Aruna Rajagopalan, the deaf student whose acceptance to the Saint Louis University School of Medicine was withdrawn in August, has filed a complaint with the Office for Civil Rights. A SLU grad and a pre-med scholar, Rajagopalan’s acceptance was withdrawn when a review board at SLU Med ruled that she could not meet the technical standards required of all medical students. After the incident, which happened only a few days before Rajagopalan was to begin attending classes, Interim Provost Joe Weixlmann, Ph.D., said that communication between the pre-med scholar’s program and SLU med could be improved.
Last week, Weixlmann said that he could not comment about Rajagopalan because he was told last Monday that she had filed the complaint. He said that since August he has made plans for a “task group” to examine a variety of ways to strengthen the program and medical school admissions. The group has not met yet, but it willinclude the dean of admissions at the medical school, Luther J. Willmore, the director of pre-professional health studies Donald Schreiweis, Dean Patricia Monteleone, Ph.D., and Dean Michael May, S.J.

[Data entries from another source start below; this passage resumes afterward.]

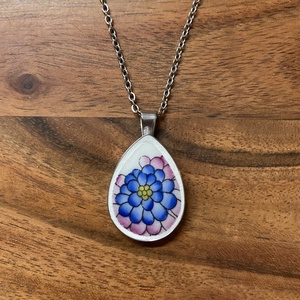 Mentett porcelán darabok - virágos nyaklánc - nemesacél csepp medálos - Meska.hu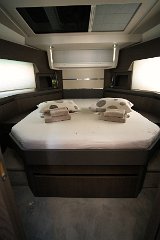 Suite Armatoriale - Sealine F430 Spaziosa cabina principale con letto a isola e grandi finestre sullo scafo.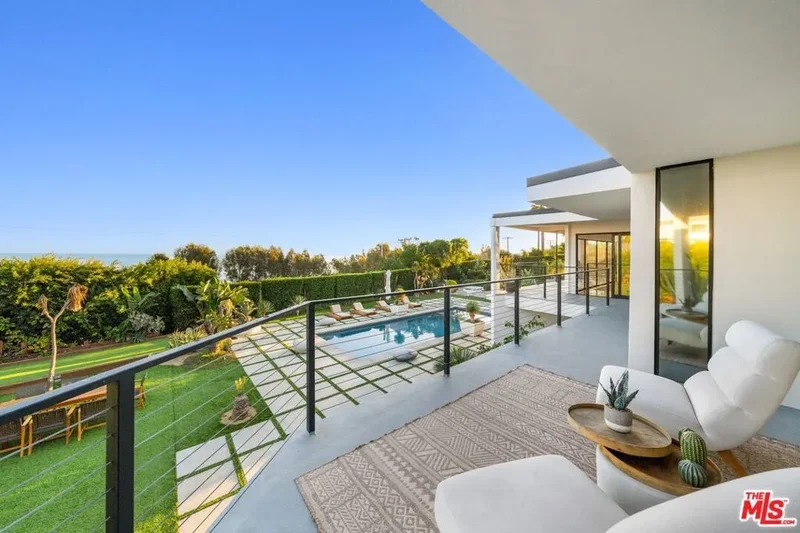 6320 VIA CATALDO Street, Malibu, California, United States. - Photo 18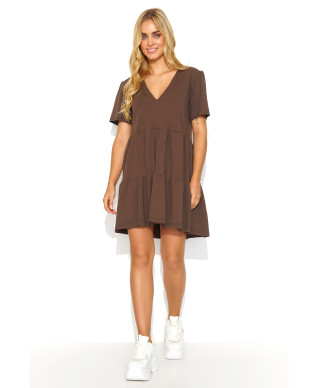 Žavinga suknelė trumpomis rankovėmis šokoladinė M819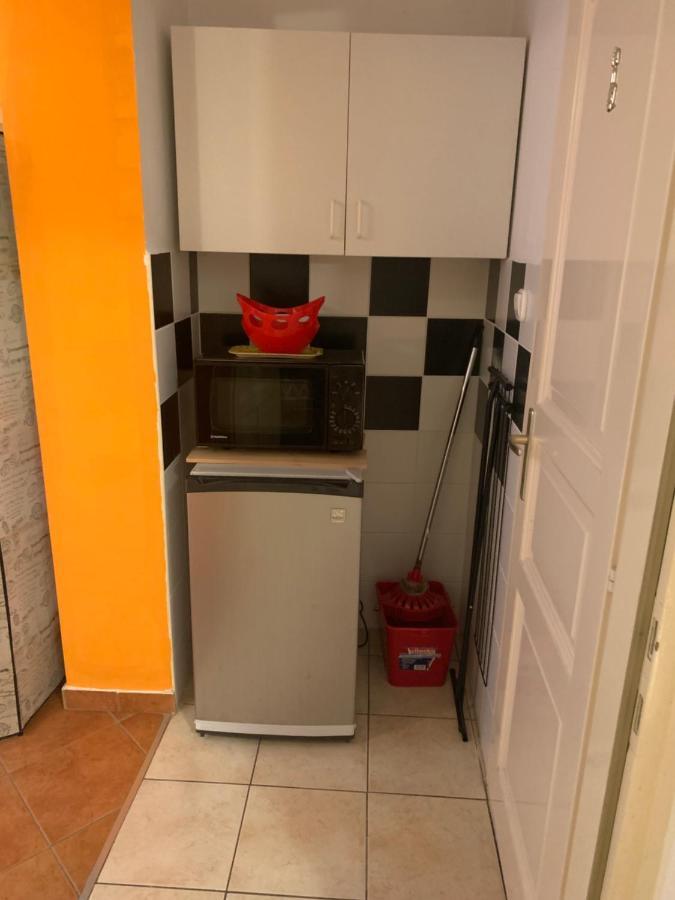 Fonix Apartman Apartment Кестели Екстериор снимка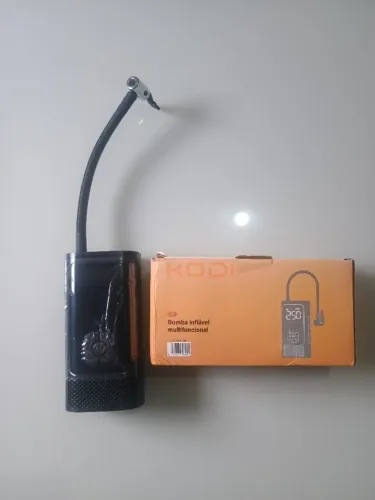Bomba de Ar Portátil Sem Fio Digital para Carro, Moto e Bicicleta | Produto Novo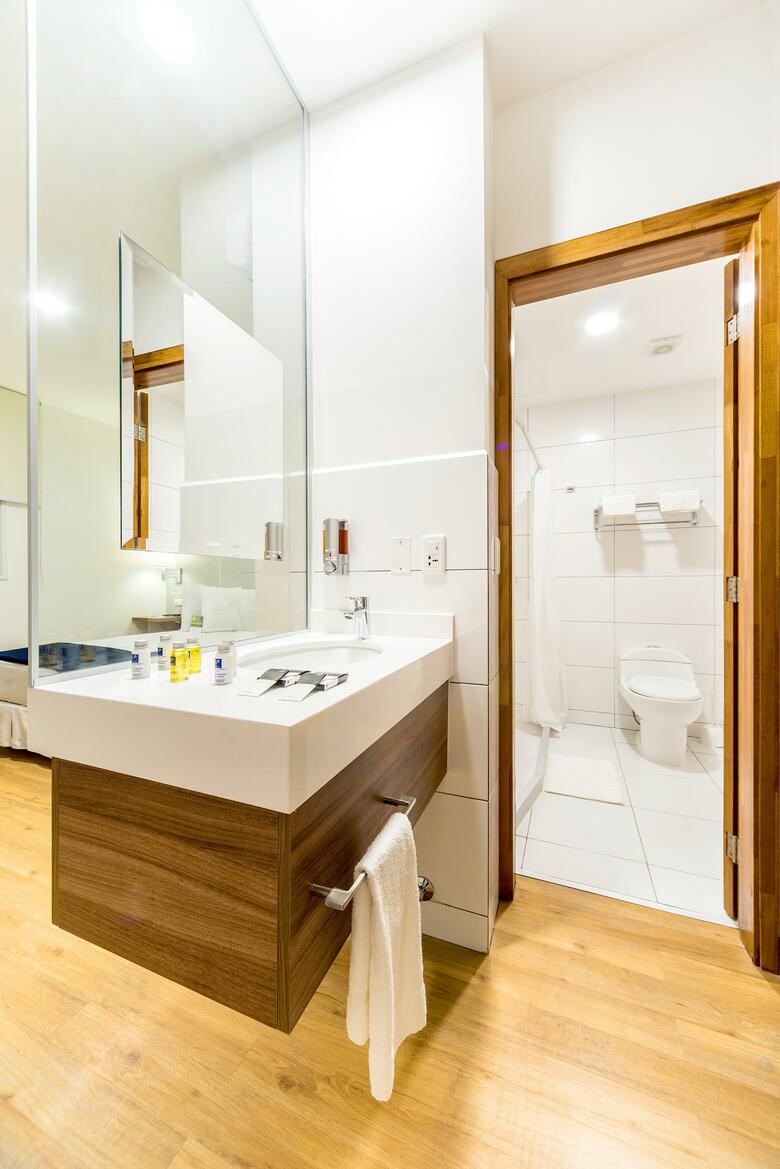 Hotel Lp Equipetrol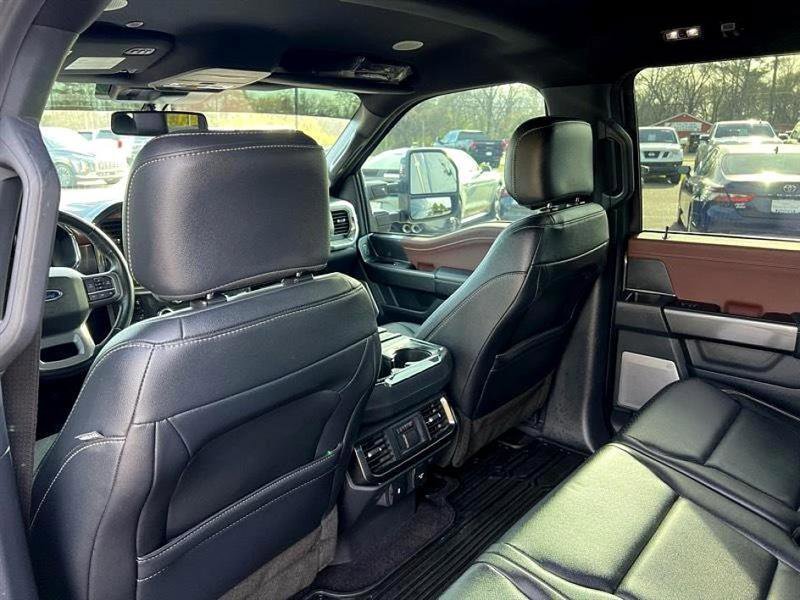 Used 2022 Ford F150 Lariat w/ Equipment Group 502A High image 49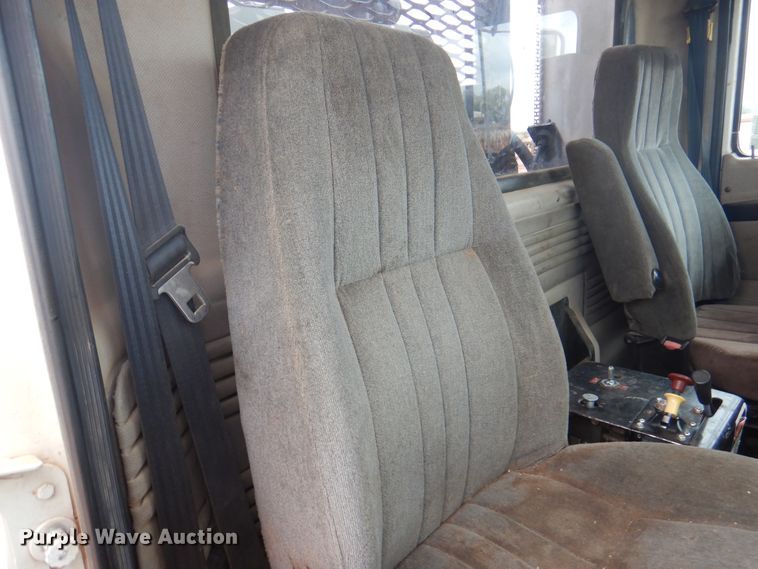 image for item DJ7517 2001 Mack CH613  winch truck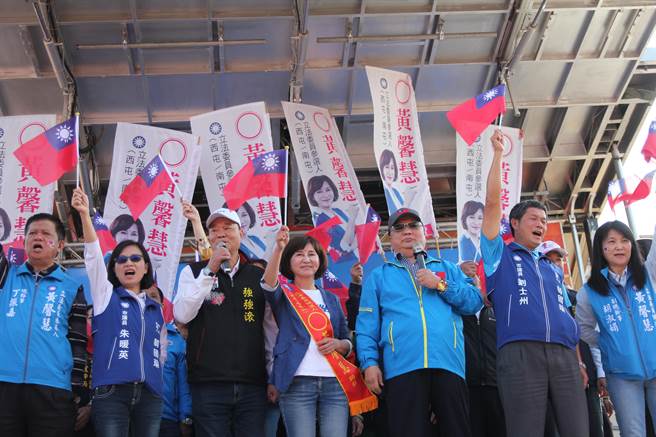 台中市立委四選區參選人黃馨慧（右4）成立競選總部，前台中市長胡志強（右3）向鄉親力薦。（陳淑芬攝）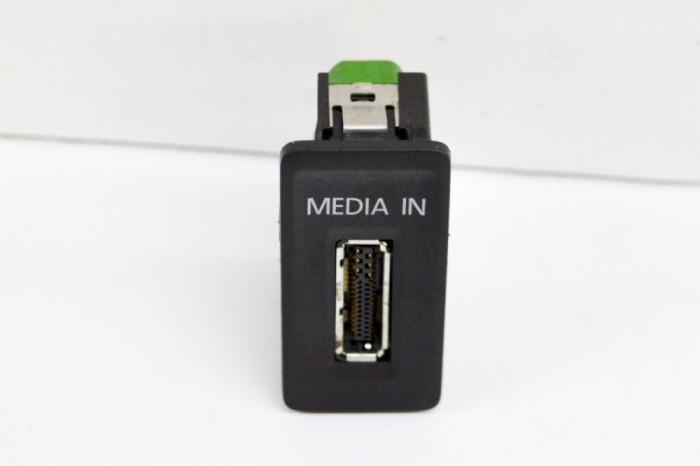 Port USB/AUX-In VW GOLF VII 5G1, BQ1, BE1, BE2 2014 OEM: 5Q0035736,5G0035222A 17148201
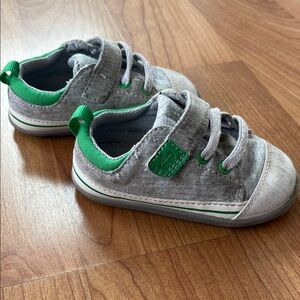 See Kai Run Grey and Green Kids Stevie walkers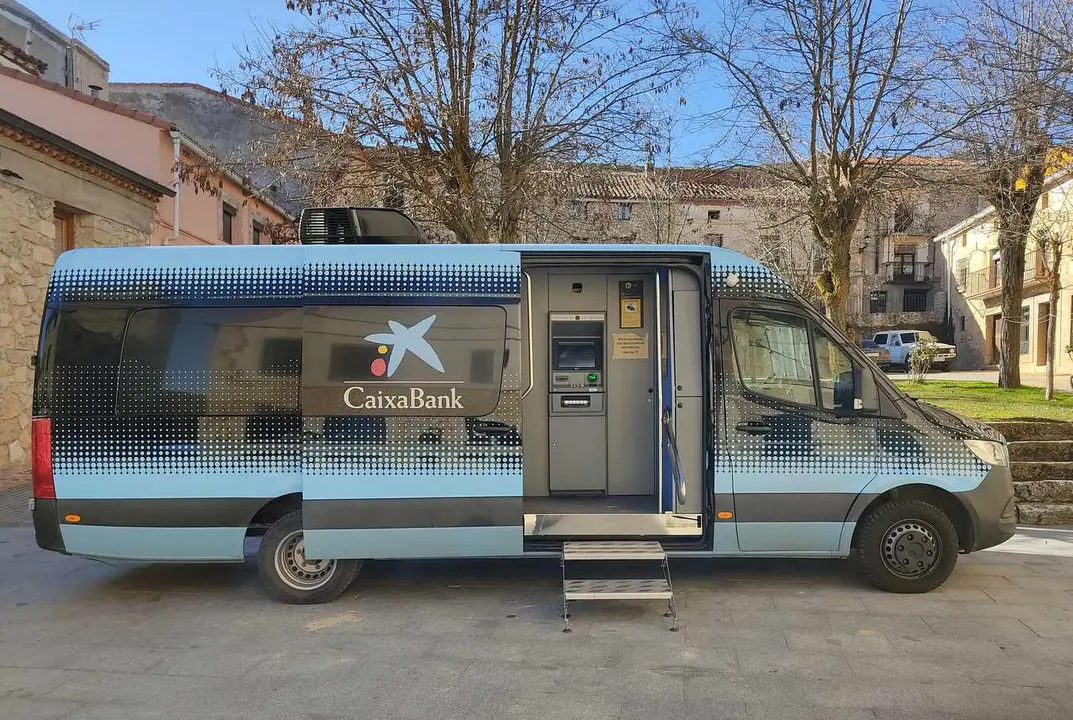 Imagen de una 'ofimóvil' de Caixabank.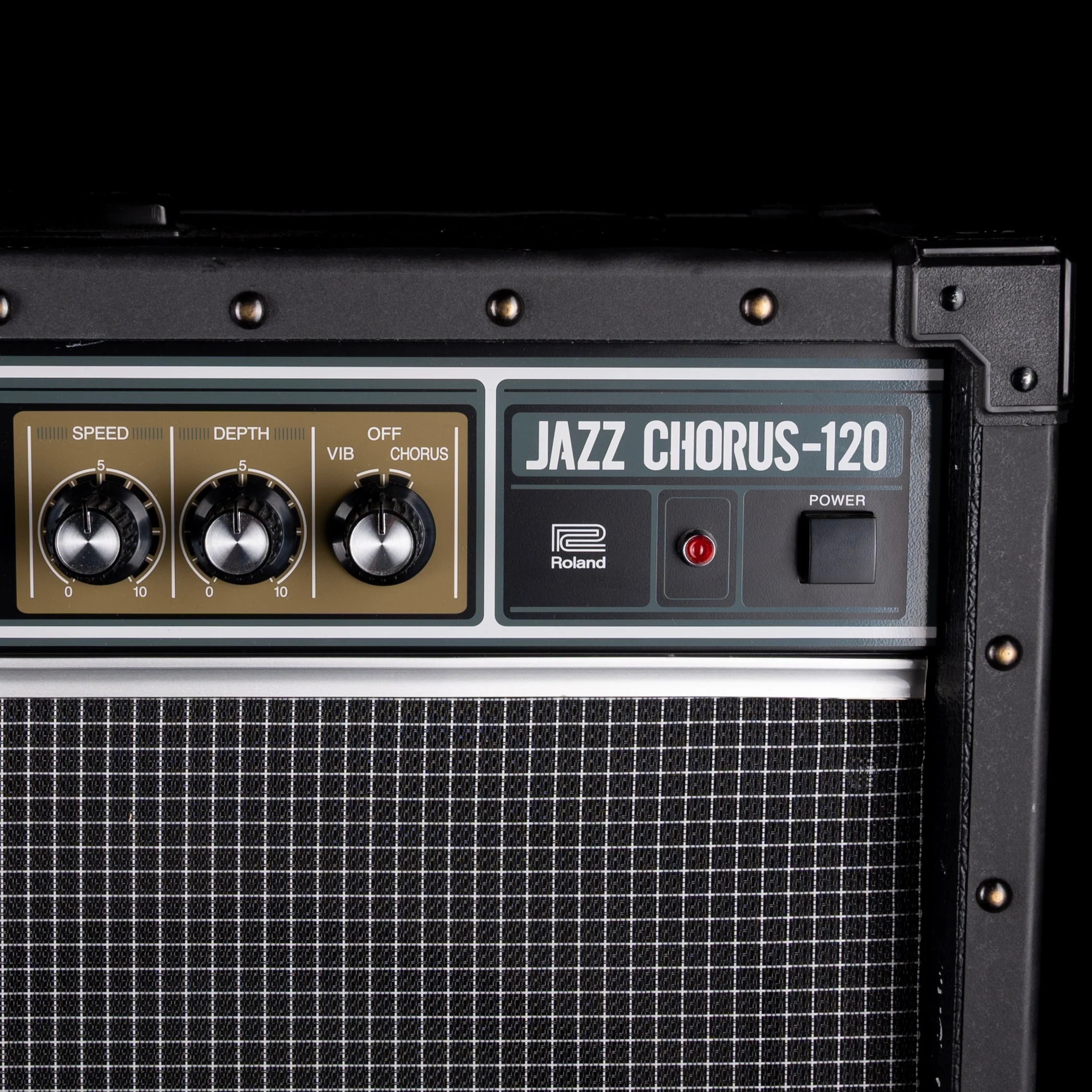 Pre Owned Roland JC-120 Guitar Amp Combo With Footswitch and Cover - Z2M6789 - Image 5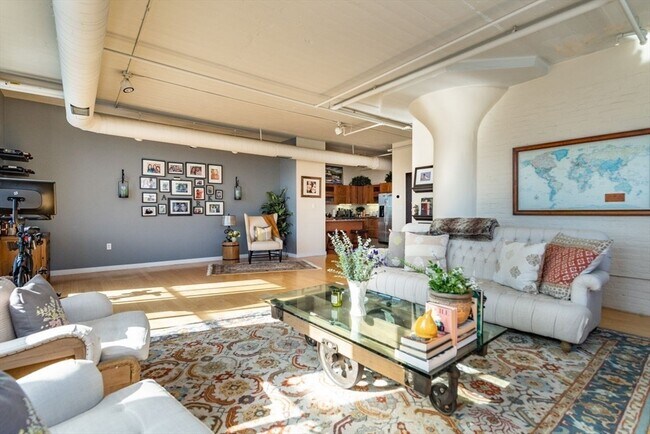 Photo - 210 South St Unit 5-5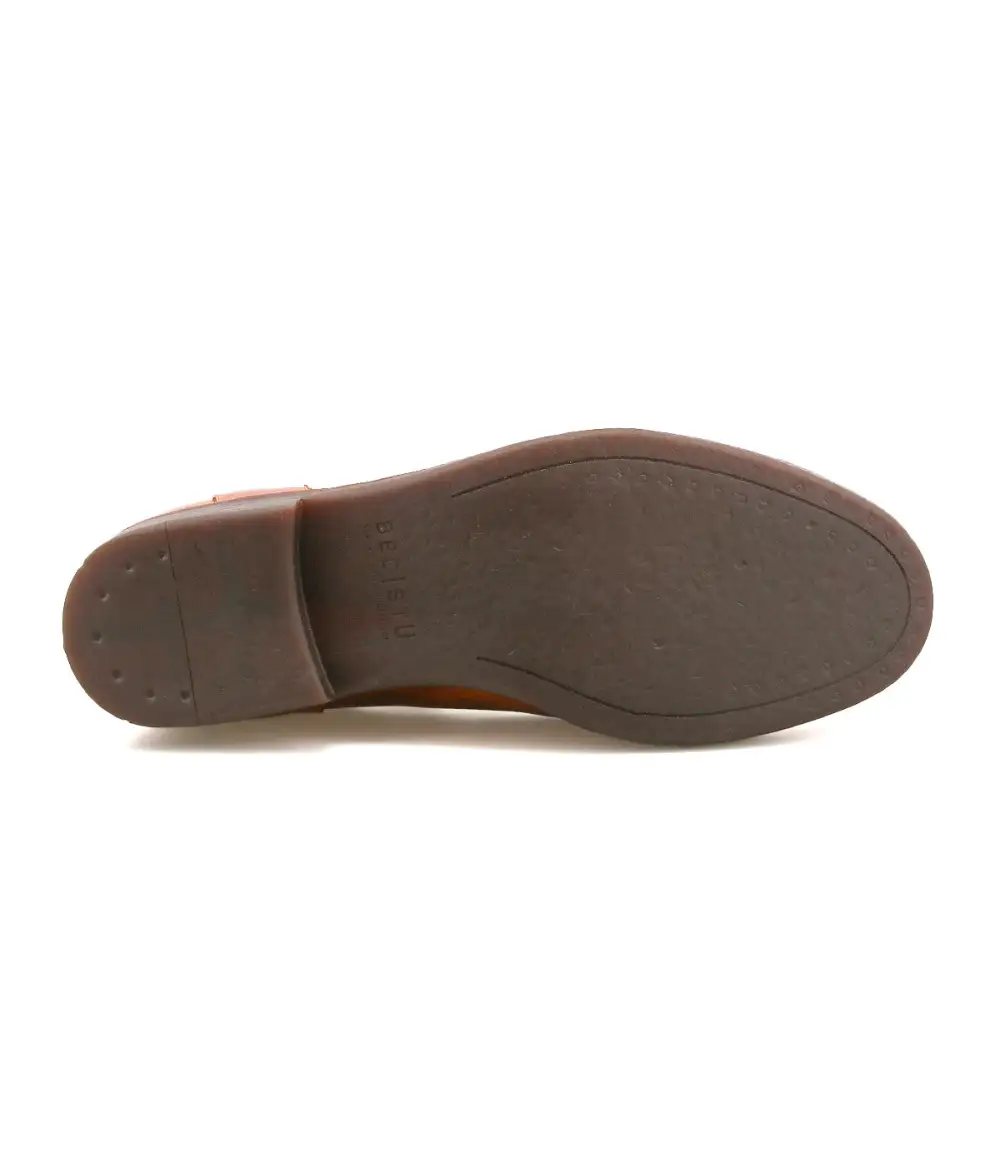Streamlined Pull-Tab Stretch-Side Chelsea Boots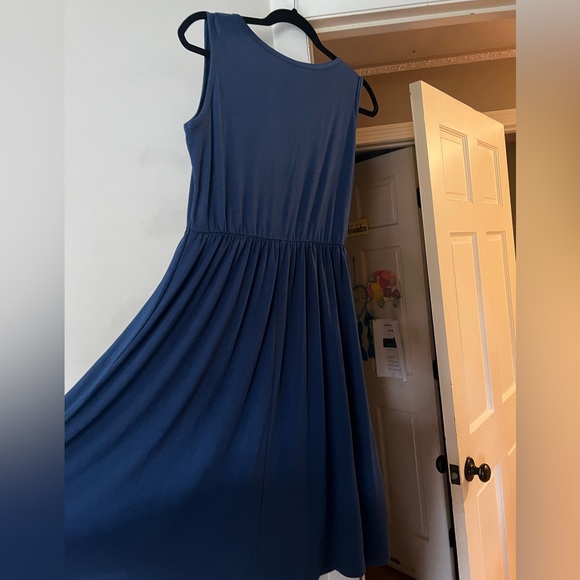 Women’s summer/fall dress size Medium - NEW WITH TAGS never worn - Picture 2 of 8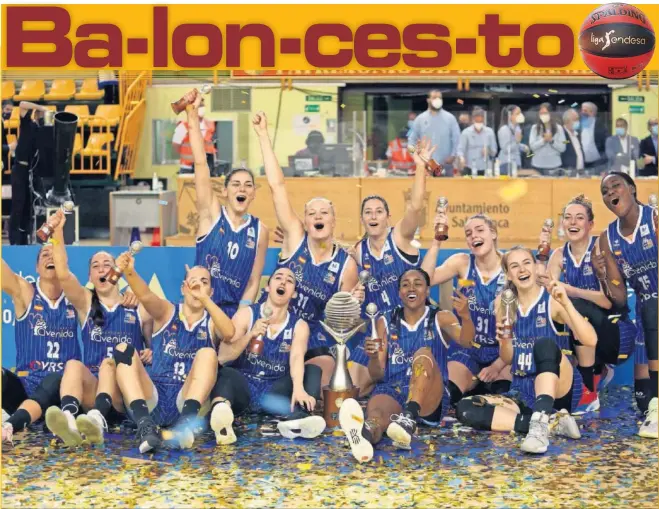  ??  ?? Milic, Cazorla, Vilaró, Gajic, Domínguez, Hof, Rodríguez, Hayes, Alarie, las hermanas Samuelson y Dieng celebran el séptimo título liguero para el Perfumería­s Avenida.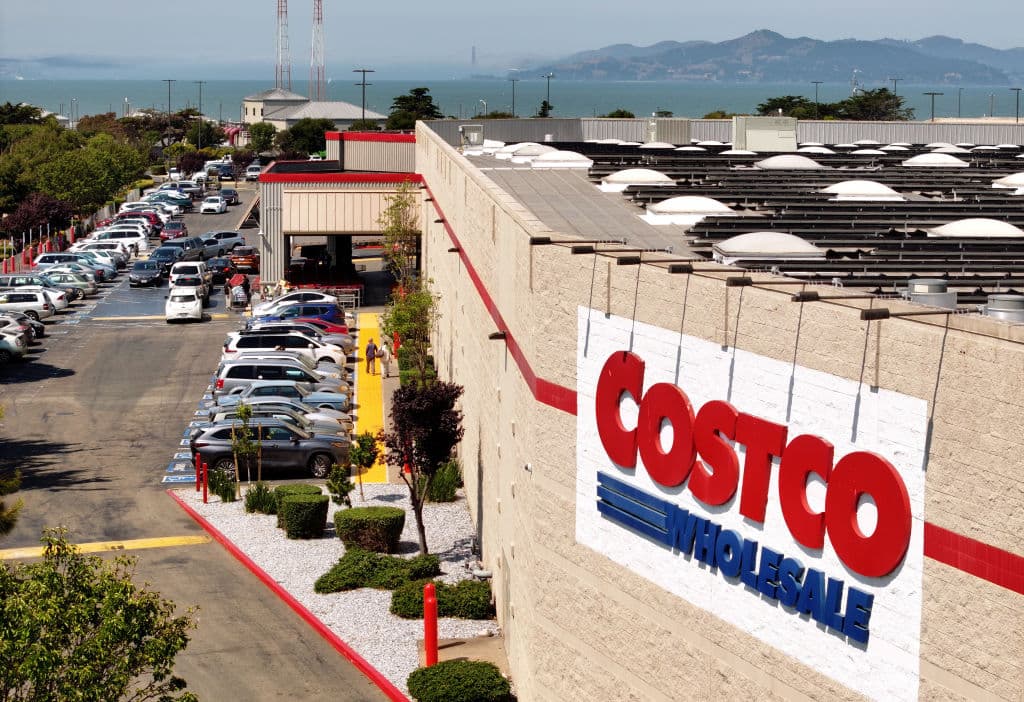 Por primera vez en 7 años, 
<b><a href="https://www.univision.com/local/fresno-kftv/costco-mas-grande-del-mundo-podria-construirse-en-fresno" target="_blank">la cadena de almacenes Costco</a></b> aumenta el precio de su membresía anual. Desde el 1 de septiembre de 2024, cerca de 52 millones de sus clientes tendrán que 
<b>pagar entre $5 y $10 más</b> para tener acceso.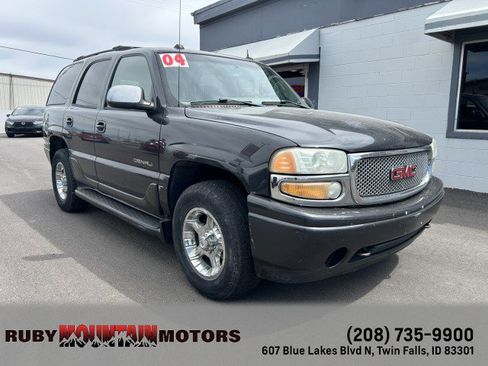 Used 2004 GMC Yukon Denali AWD/4WD image 1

Schriewies said that current “communication between Pre-Professional Health Studies and the School of Medicine is excellent.” He added that Wilmore is “very supportive and responsive to the needs of undergraduate premedical students, more so than any previous admissions director at SLU.”
The issue of relaying the technical standards to pre-med students as early as possible is important, said Schrieweiss, who explained that technical standards were developed by the Association of Medical Standards in the early 1970s in response to discrimination lawsuits brought against medical schools. “In the past month, I have met with Medical Scholars in groups and individually to discuss with them the issue of technical standards and the reason such standards exist.
“Certainly applicants to medical school have rights. There also exists a responsibility to patients that medical schools train physicians who are most able to serve patient needs.”
Rajagopalan said that she was not aware that, even with accommodations, she would not be able to meet SLU med’s technical standards. Now Rajagopalan is examining her options at other medical schools with different technical standards. Rajagopalan is determined to attend medical school, and asked, “Isn’t the fact that over 26 medical schools have admitted deaf students (along with the fact that) there are quite a number of deaf doctors currently practicing enough to (make you) believe that I can do it as well?”
As far as the issue of communication between the schools, Rajagopalan said she is supportive of this idea but added, “If the reason for these improvements is to indirectly prevent disabled students from entering into the medical scholars program, how is that an improvement from a disabled person’s perspective?”